We suggest a hypothesis to account for the absence of detectable thrombosis in our patient's family members, these individuals harbored the same mutation as our patient with a concomitant decrease in protein C activity. The hypothesis maintains that elevated levels of total cholesterol may be a risk factor for venous thromboembolism (VTE). Studies on the association between lipid profile and VTE are inconsistent, with some reporting that total cholesterol is the risk factor [24], while others report that lipid levels do not influence the risk of VTE; however, the levels of LDL are significantly associated with unprovoked VTE as revealed by univariate analysis [25]. Further, statins can prevent VTE [26]. The levels of total cholesterol and LDL cholesterol in our patient (total cholesterol, 299 mg/dL, LDL cholesterol, 195 mg/dL) were higher than those of her younger brother (total cholesterol, 234 mg/dL, LDL cholesterol; 161 mg/dL) and father (total cholesterol, 200 mg/dL, LDL cholesterol, 99 mg/dL).

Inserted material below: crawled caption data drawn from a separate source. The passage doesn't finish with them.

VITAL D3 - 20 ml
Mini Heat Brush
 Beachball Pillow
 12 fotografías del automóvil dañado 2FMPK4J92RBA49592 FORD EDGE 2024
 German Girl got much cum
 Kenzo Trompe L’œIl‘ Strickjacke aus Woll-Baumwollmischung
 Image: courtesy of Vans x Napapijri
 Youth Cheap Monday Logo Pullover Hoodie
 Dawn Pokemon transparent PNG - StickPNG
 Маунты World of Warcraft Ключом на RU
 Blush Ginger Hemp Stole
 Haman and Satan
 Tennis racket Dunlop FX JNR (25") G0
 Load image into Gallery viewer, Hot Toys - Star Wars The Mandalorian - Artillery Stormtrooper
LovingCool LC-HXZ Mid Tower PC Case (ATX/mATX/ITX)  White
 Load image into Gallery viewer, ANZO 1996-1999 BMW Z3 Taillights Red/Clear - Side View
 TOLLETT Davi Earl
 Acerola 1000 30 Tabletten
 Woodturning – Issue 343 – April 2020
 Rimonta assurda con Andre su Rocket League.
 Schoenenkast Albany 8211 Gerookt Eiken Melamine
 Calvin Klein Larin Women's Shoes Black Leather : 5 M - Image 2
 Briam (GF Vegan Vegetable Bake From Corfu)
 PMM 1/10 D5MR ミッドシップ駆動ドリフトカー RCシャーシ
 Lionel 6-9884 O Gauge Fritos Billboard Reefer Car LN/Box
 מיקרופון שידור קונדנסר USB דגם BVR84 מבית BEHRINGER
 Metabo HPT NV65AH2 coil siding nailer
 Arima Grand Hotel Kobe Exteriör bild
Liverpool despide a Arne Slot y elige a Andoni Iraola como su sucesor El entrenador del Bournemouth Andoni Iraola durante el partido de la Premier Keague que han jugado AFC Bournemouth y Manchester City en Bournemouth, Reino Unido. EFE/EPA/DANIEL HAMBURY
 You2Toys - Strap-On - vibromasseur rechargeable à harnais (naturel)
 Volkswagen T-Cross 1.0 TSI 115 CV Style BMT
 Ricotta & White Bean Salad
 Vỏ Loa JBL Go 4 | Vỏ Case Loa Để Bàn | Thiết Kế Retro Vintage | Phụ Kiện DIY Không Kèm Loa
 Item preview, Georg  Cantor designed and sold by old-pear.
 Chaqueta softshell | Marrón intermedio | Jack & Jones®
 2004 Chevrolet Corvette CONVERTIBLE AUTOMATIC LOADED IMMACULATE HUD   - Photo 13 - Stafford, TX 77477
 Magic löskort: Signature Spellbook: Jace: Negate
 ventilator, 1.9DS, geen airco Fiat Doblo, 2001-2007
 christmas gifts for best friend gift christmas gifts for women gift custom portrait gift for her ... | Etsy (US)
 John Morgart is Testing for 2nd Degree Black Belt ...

Moreover, we noted no recurrence of thrombosis after statins were administered to our patient.

In summary, we describe here a case of Budd-Chiari syndrome with multiple venous thrombi caused by an Arg42Ser mutation in PROC and in two of three of her family members without detectable thrombosis. Thus, the patient's brother and father did not experience thrombotic events, even though they harbored the same mutation with a concomitant decrease in protein C activity. Further, the difference between the patient's complicated thrombosis and family members with no thrombosis, even though they all harbor the same PROC mutation, may be associated with lipid levels. Therefore, the contribution of this mutation to thrombogenicity remains to be determined.